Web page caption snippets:
↓

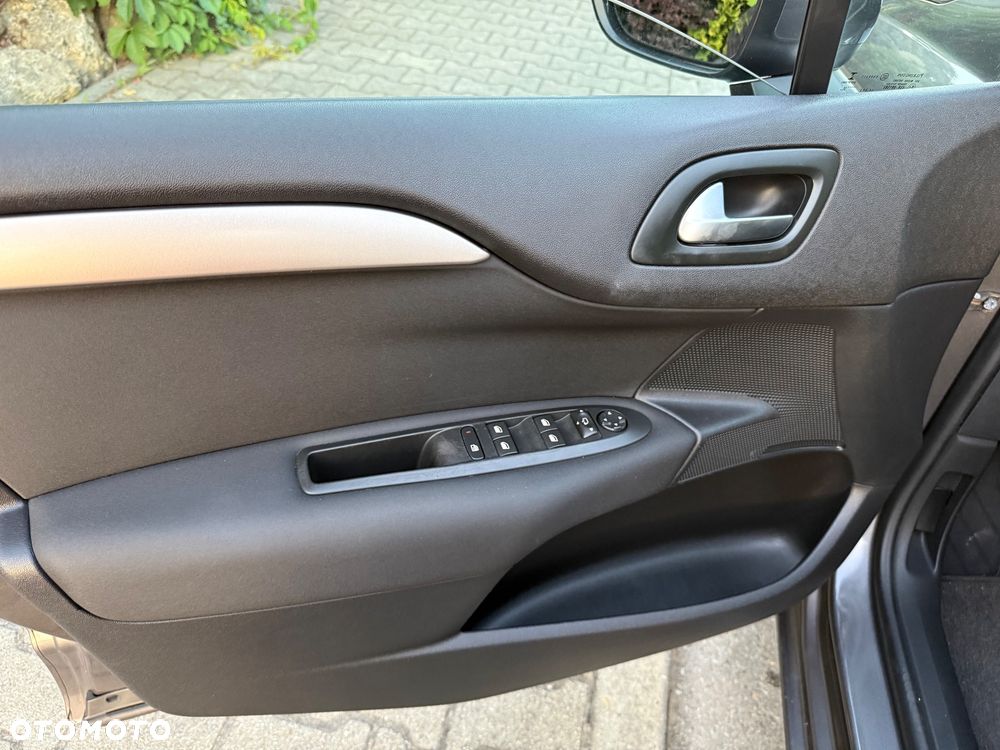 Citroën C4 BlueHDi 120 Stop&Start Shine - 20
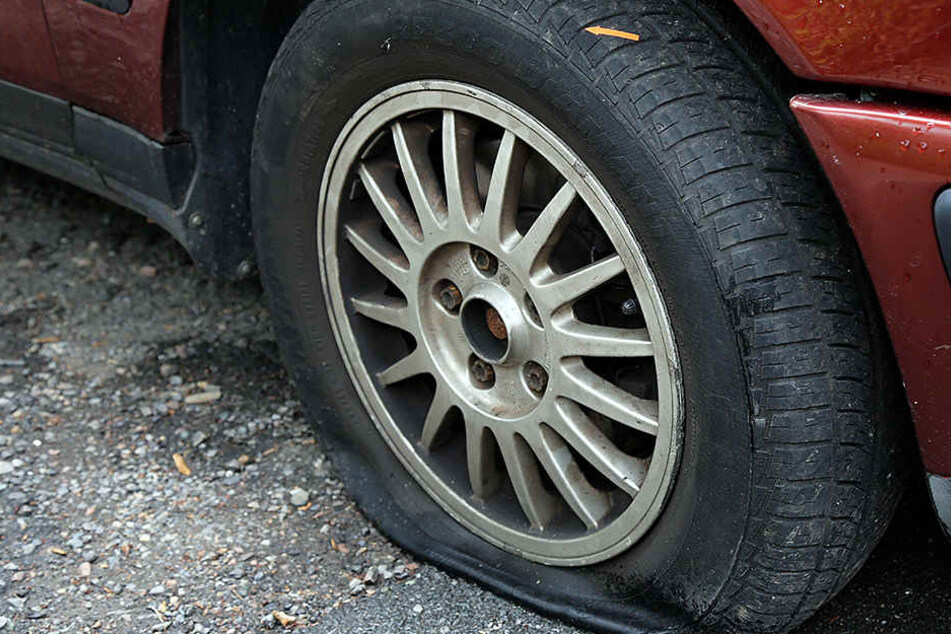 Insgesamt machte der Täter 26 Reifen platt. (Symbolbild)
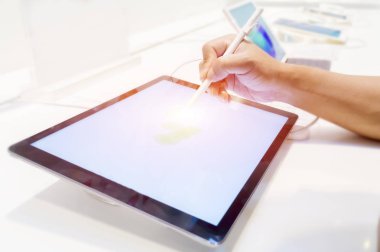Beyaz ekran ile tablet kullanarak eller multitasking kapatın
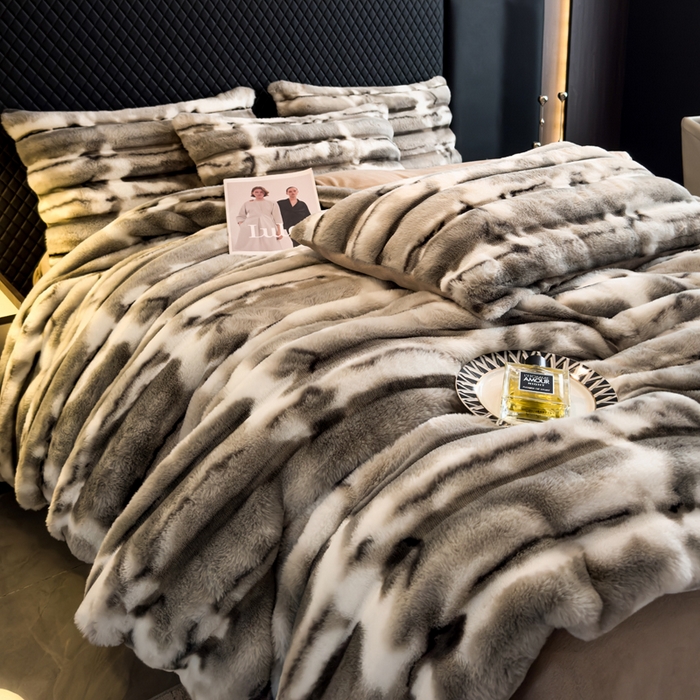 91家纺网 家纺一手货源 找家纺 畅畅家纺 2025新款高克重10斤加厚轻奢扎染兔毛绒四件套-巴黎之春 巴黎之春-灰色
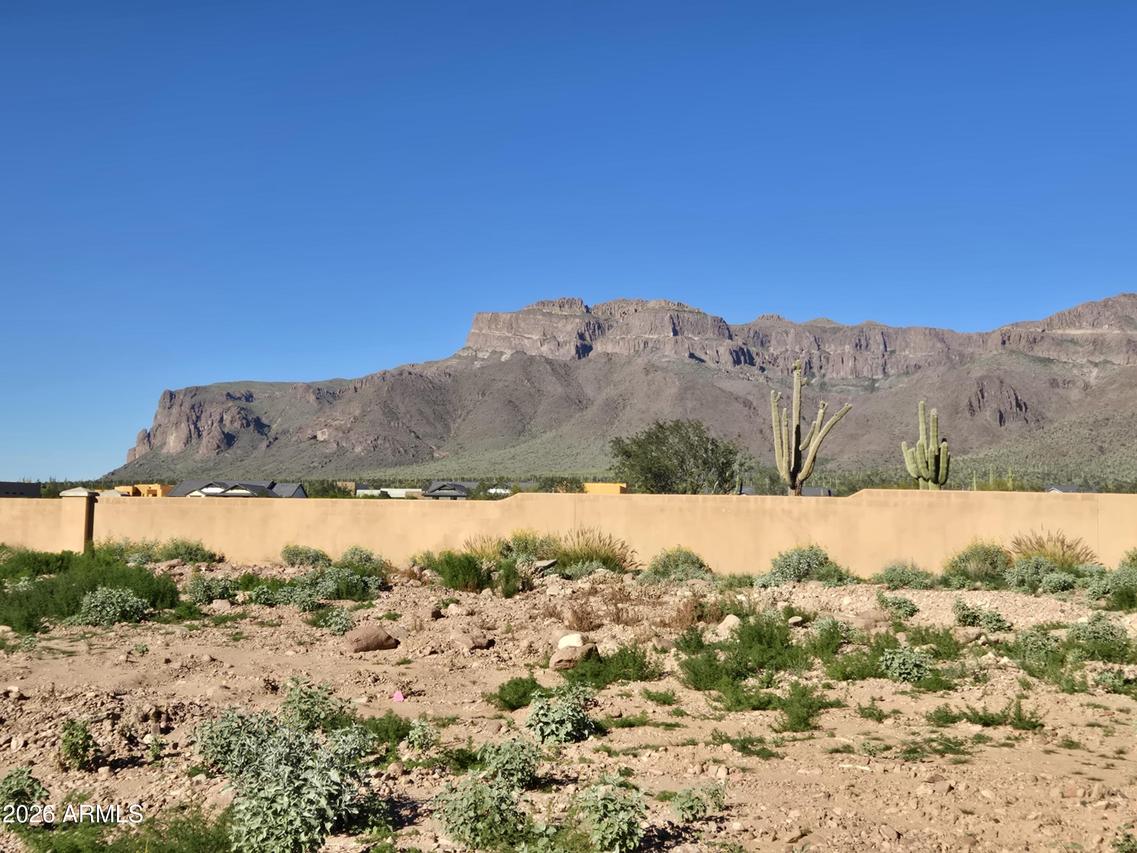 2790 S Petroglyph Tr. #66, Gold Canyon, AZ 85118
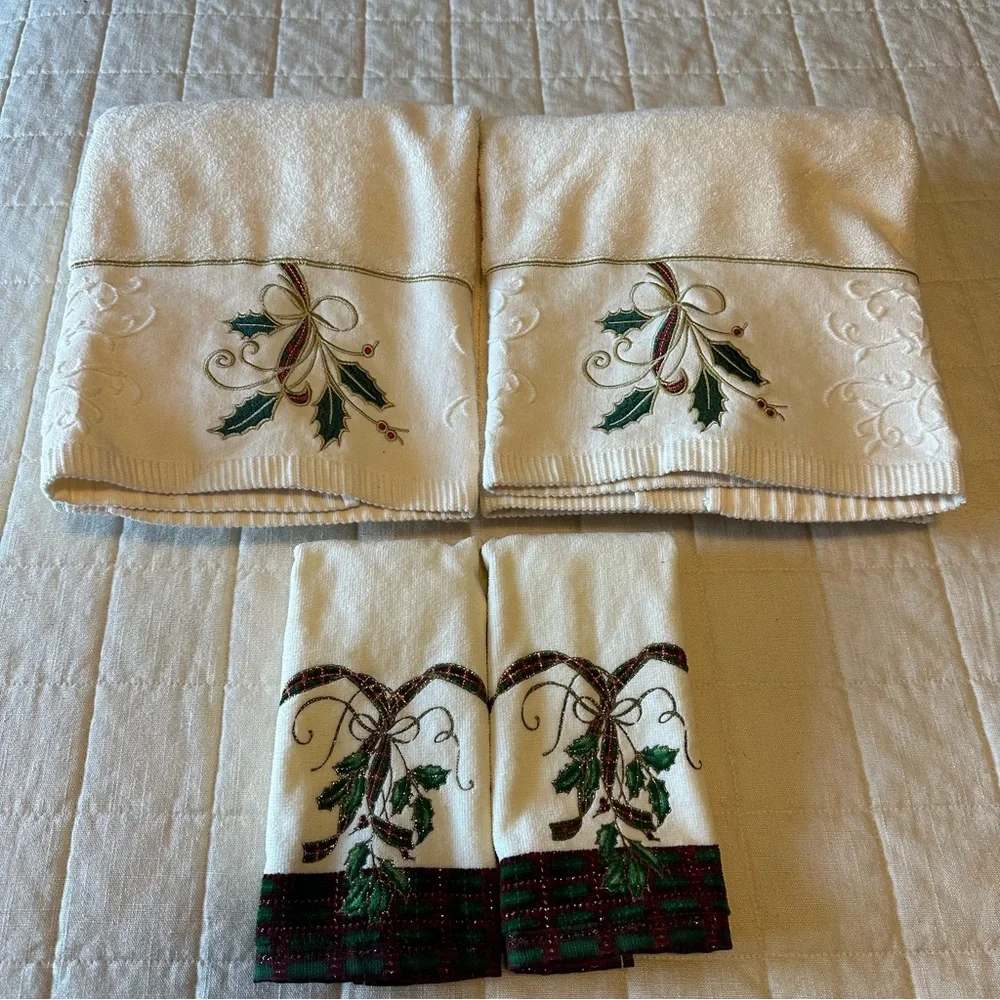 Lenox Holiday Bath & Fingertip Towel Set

↑

Task to carry out
Please give again only the lines from the one containing "Beyaz ekran ile" through the last line of the entries above, exactly as they stand and without pictures.

Task response
Beyaz ekran ile tablet kullanarak eller multitasking kapatın
 91家纺网 家纺一手货源 找家纺 畅畅家纺 2025新款高克重10斤加厚轻奢扎染兔毛绒四件套-巴黎之春 巴黎之春-灰色
 2790 S Petroglyph Tr. #66, Gold Canyon, AZ 85118
 Lenox Holiday Bath & Fingertip Towel Set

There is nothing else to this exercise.